Trial is set for Jan. 17 in Chatsworth.

The labor federation's communications director Steve Smith declined to comment on the lawsuit but explained the robocalls invited union members to a "tele-townhall meeting" on the benefits of Prop. 30, which would raise $6billion to fund education and other services.

"Most union members understand that when there are major issues or elections that might affect them, their union will be in contact," he said.

"Most are very appreciative because they like to be completely educated on issues that affect working people."

He downplayed the annoyance the robocalls may cause.

"Literally it takes less than a minute, so it's not as though somebody is on the line for four or five minutes, taking up precious time," he said. "If they're not interested, all people have to do is hang up."

IBEW's business manager Elaine Ocasio declined to comment.

The Federal Communications Commission issued an enforcement advisory to political campaigns in September, laying out robocall rules under the Telephone Consumer Protection Act (TCPA) of 1991.

"Prerecorded voice and autodialed calls (including live calls, prerecorded voice messages, and text messages) may NOT be delivered to cellphones, pagers, or other mobile devices without the prior express consent of the called party," the FCC said.

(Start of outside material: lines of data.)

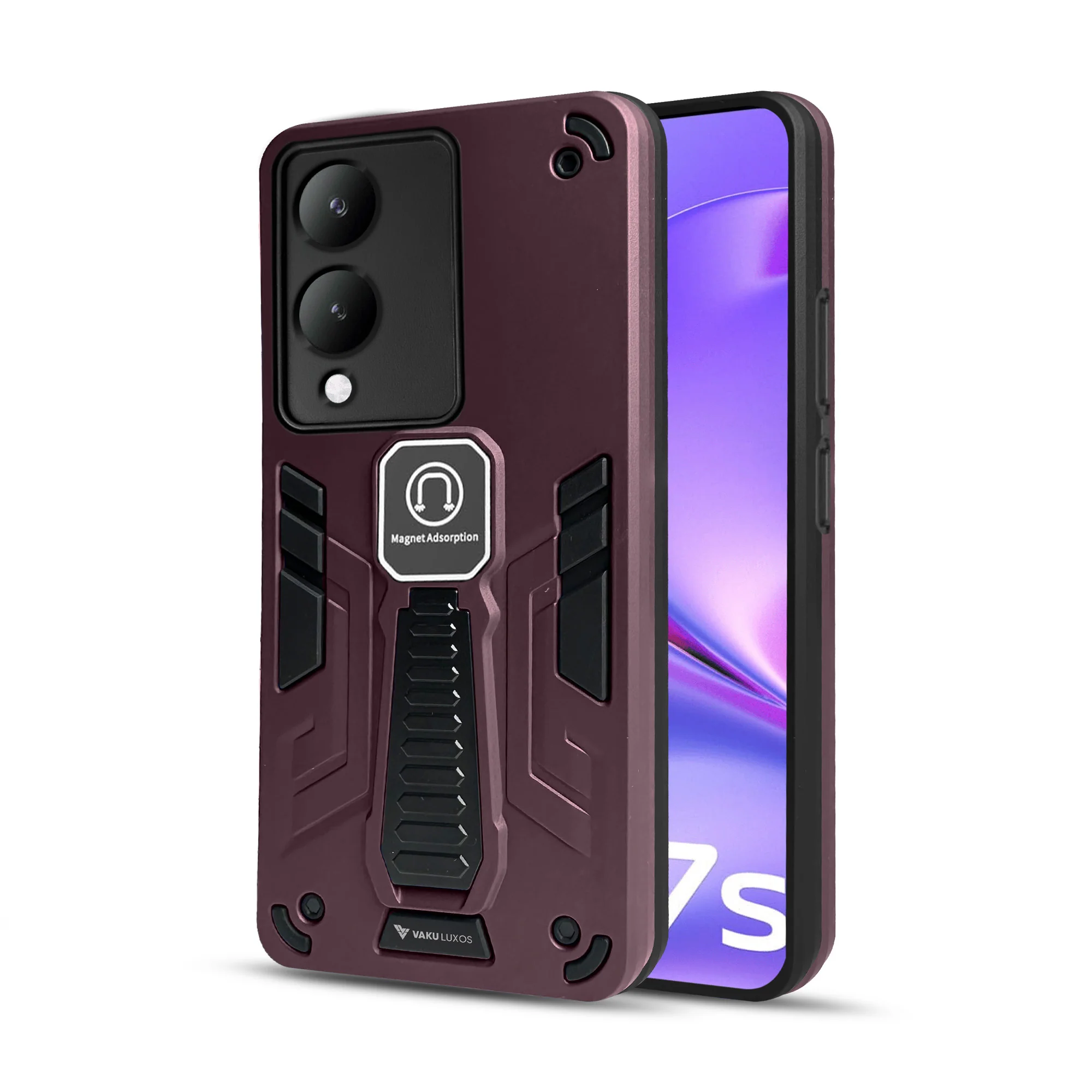 Vaku ® Vivo Y17s Valor Military Grade Shockproof Back Cover - Image 13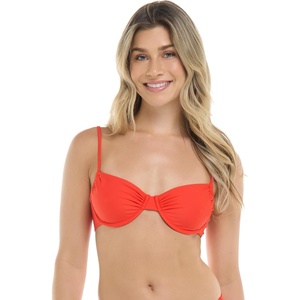 image:imageBody Glove Womens Smoothies Alice Solid Underwire Bikini Top with Sashtie BackPoppy Red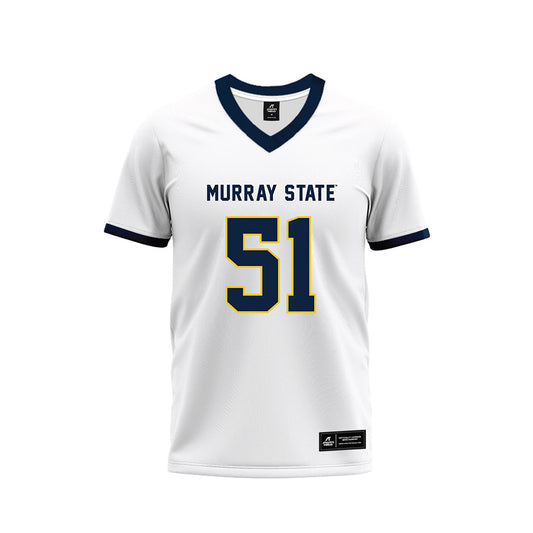 Murray State - NCAA Football : zaccheous grady - White Premium Football Jersey-0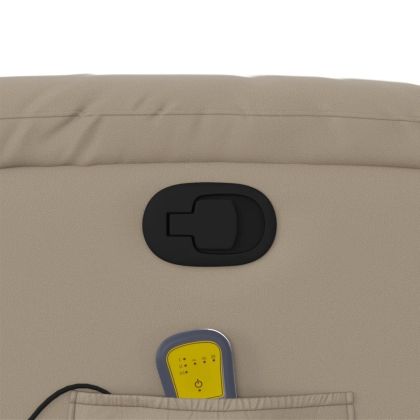 Масажен наклоняем стол, капучино, изкуствена кожа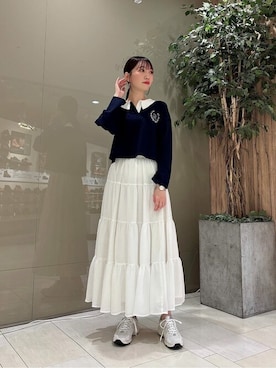 「PROPORTION BODY DRESSING（プロポーションボディドレッシング）のアイテム（スカート）」を使った、PROPORTION STAFFさん（レディース・162cm）の冬コーディネート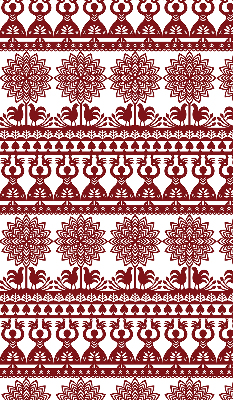 Modern roller blind Brown pattern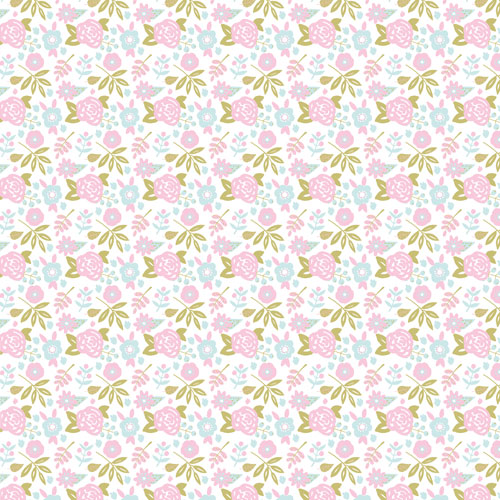 Double-sided scrapbooking paper set Scandi Baby Girl 8"x8", 10 sheets - foto 4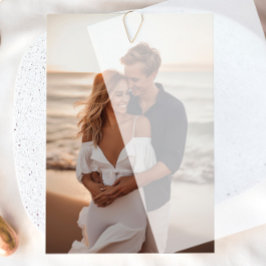 Tarjeta de inserción de fotos para la invitación a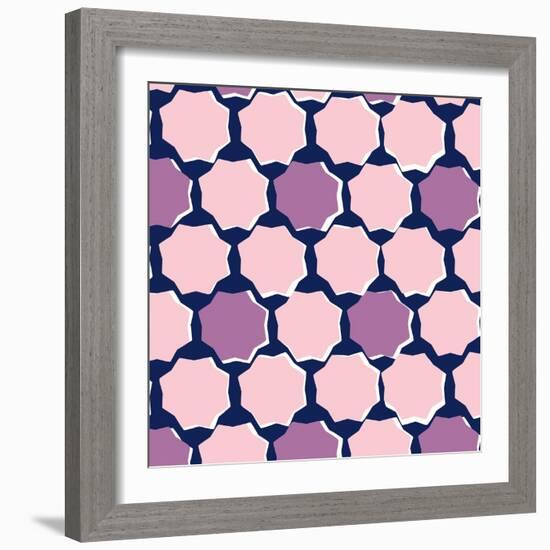 Chiseled Star-null-Framed Giclee Print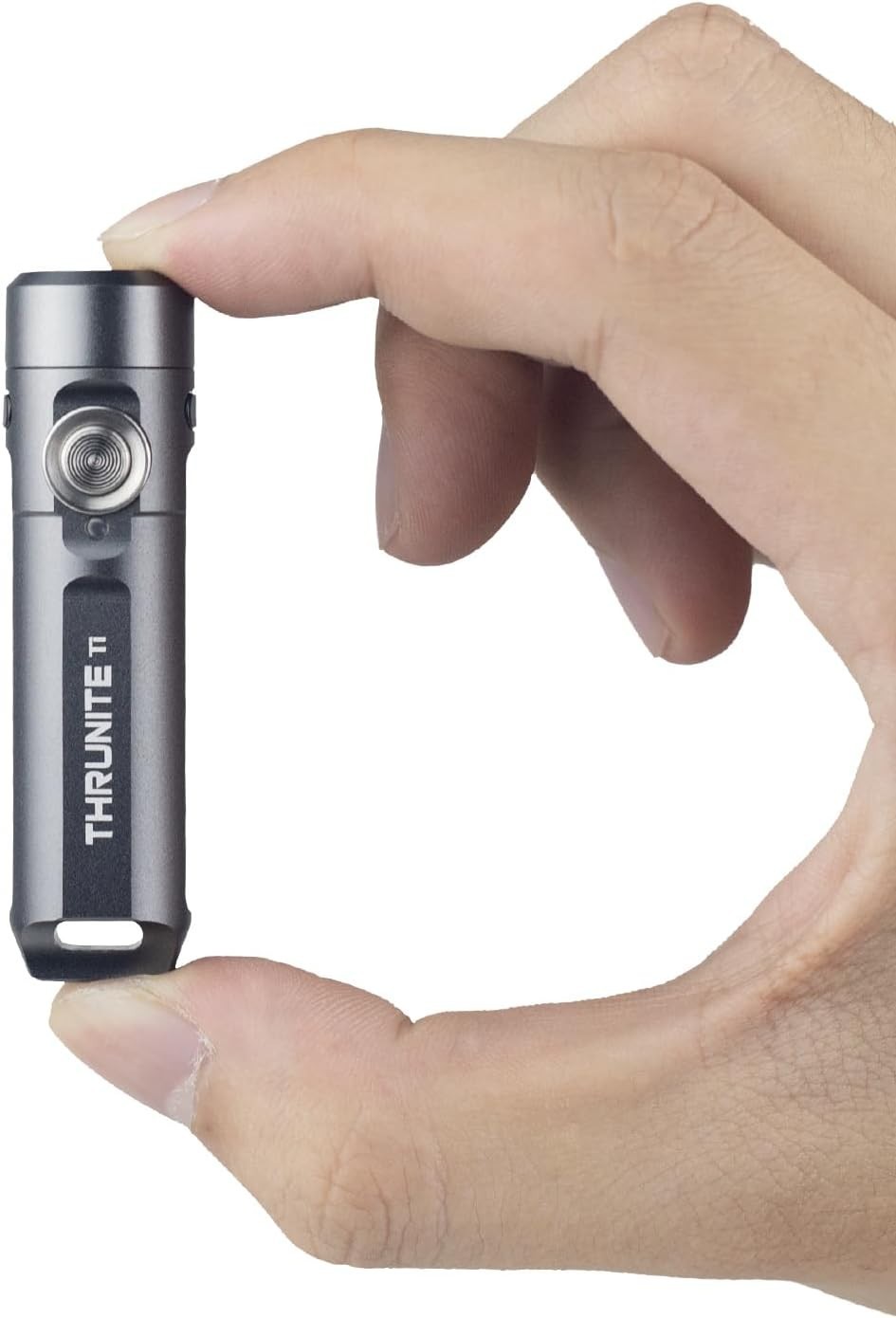 Ti Mini Keychain Flashlight, USB-C Rechargeable EDC Pocket Light, Bright 650 Lum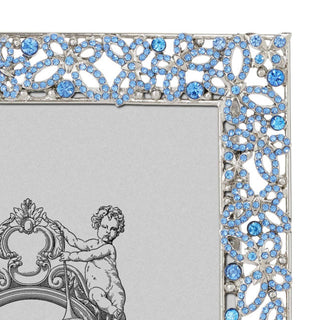 Silver Papillon with Lt Sapphire Crystals 5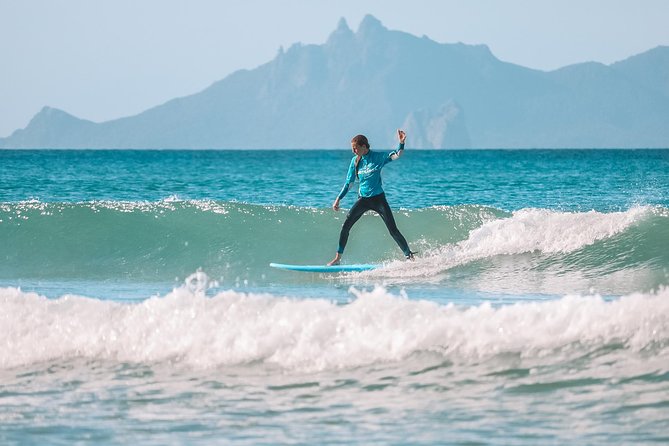 2 Hour Surf Lesson - Te Arai Beach - Coaching for Beginners, Intermediate Surfers, and Families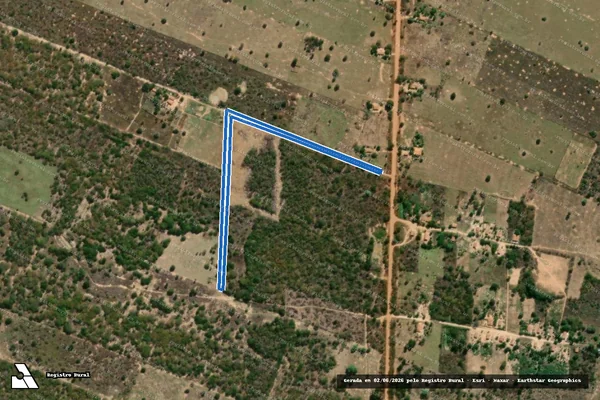 Imagem de satélite de Estrada Vicinal 01 - Estrada Vicinal 01 em Sítio do Mato - BA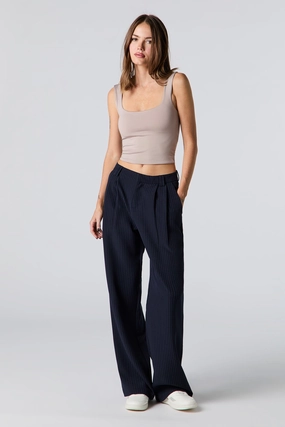 Pleated Wide Leg Dress Pant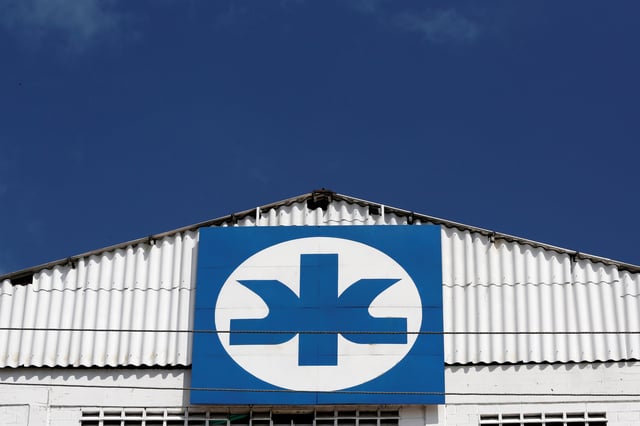 The logo of Kimberly-Clark is seen in Maracay, Venezuela, July 10, 2016. REUTERS/Carlos Jasso/File Photo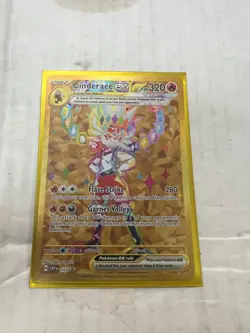 Cinderace EX 163 Scarlet & Violet Promo Cards Secret Rare NrMt - Image 1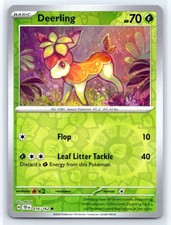 SV05: Temporal Forces #016/162 Deerling Reverse Holo NM Pokemon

An exception is granted when the robocalls are for emergency purposes.

Robocalls to landlines are allowed, so long as the callers quickly identify themselves.

"The FCC does not have enough money nor manpower for enforcement, but Congress passed a law that made it easy for private citizens to go to court," Arkow said.

Dan Schnur, director of the Jesse M. Unruh Institute of Politics at USC, said most political campaigns now resort to robocalls to reach voters.

"It's much less expensive and less time consuming than calls from actual human beings," he said. "But a voter is much less likely to be persuaded by a so-called robocall than they might be after a conversation with another person."

Steve Largent, president of the wireless industry trade group CTIA-The Wireless Association, complained to the FCC about political campaigns reaching out to voters through their cellphones. 

"Just weeks into the primary season, wireless carriers have experienced a significant increase in consumer complaints and inquiries made to their customer call centers regarding unwanted text messages sent by political campaigns," Largent wrote.

"Some consumers have reported receiving unwanted text messages in the middle of the night, between the hours of 11 p.m. and 5 a.m.," he added.